Grundsätzlich zu Recht hat das Grundbuchamt auch im weiteren die Rechtsprechung des Bundesgerichtshofs zum „Aufladen“ einer Vormerkung mit anderen Ansprüchen berücksichtigt. Daraus ergibt sich nämlich, dass zum einen eine erloschene Vormerkung zur Sicherung eines neuen, deckungsgleichen Anspruchs verwendet werden kann (BGH, Urteil vom 26. November 1999, V ZR 432/98, zitiert nach Juris) und zum anderen eine Vormerkung auf Ansprüche mit anderen Voraussetzungen erstreckt werden kann (BGH, Urteil vom 7. Dezember 2007, V ZR 21/07, zitiert nach Juris). Erforderlich ist jeweils, dass Schuldner, Gläubiger und Anspruchsgegenstand der neuen oder zusätzlichen Ansprüche identisch sind (BGH, Urteil vom 26. November 1999, V ZR 432/98; vgl. auch OLG Frankfurt, Beschluss vom 7. April 2008, 20 W 131/08; beide zitiert nach Juris). Dabei bedarf es nach den genannten Entscheidungen des Bundesgerichtshofes keiner Eintragung der Änderung in das Grundbuch, so dass das „Aufladen“ der Vormerkung mit anderen oder weiteren Ansprüchen durch notarielle Vereinbarung von Schuldner und Gläubiger nicht aus dem Grundbuch und nicht einmal aus den Grundakten zwingend erkennbar sein muss (z. B. OLG Schleswig, Beschluss vom 10. November 2010, 2 W 144/10, zitiert nach Juris).
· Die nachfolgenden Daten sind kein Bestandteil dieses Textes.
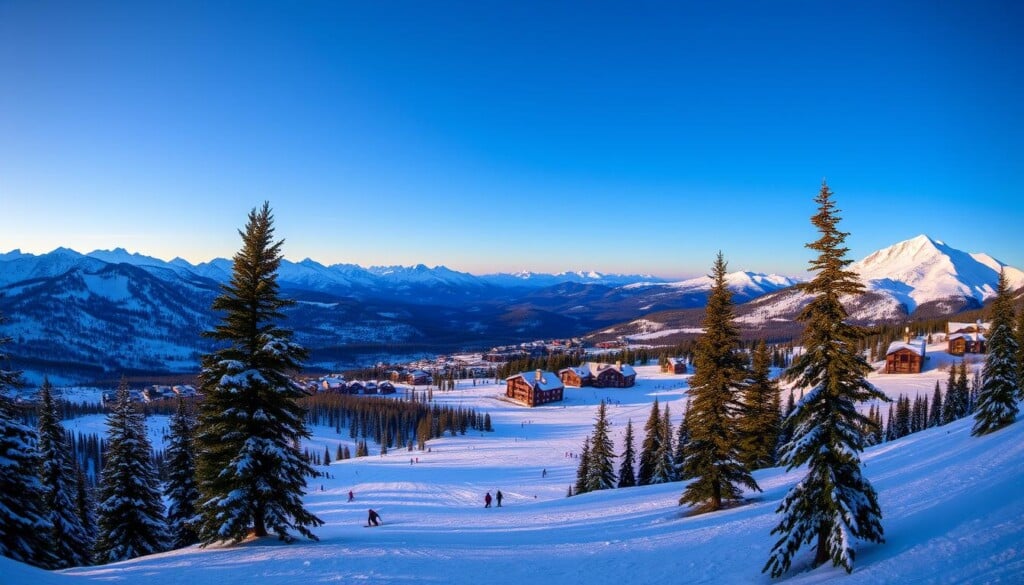 Top Ski Resorts in the USA | Winter Getaways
Hier allerdings ist es nicht lediglich sehr unwahrscheinlich, dass die Parteien eines Erwerbsgeschäfts im Jahre 1934 nach der Eigentumsumschreibung auf Ernst K. sen. einen deckungsgleichen Eigentumsübertragungsanspruch neu begründet haben, der mit der noch eingetragenen gegenständlichen Vormerkung gesichert werden soll. Vielmehr handelt es sich vorliegend allenfalls um eine ganz entfernte, bloß theoretische Möglichkeit, dass die Voreigentümer Lieselotte Gretchen Martha Bertha Ruth S. und Hans-Heinrich Walther Adolf S. mit Ernst K. sen. (oder die jeweiligen Rechtsnachfolger) nach Eintragung des Ernst K. sen. eine weitere Vereinbarung getroffen haben, wonach die genannten Voreigentümer den betroffenen Grundbesitz an Ernst K. sen. zu übereignen haben.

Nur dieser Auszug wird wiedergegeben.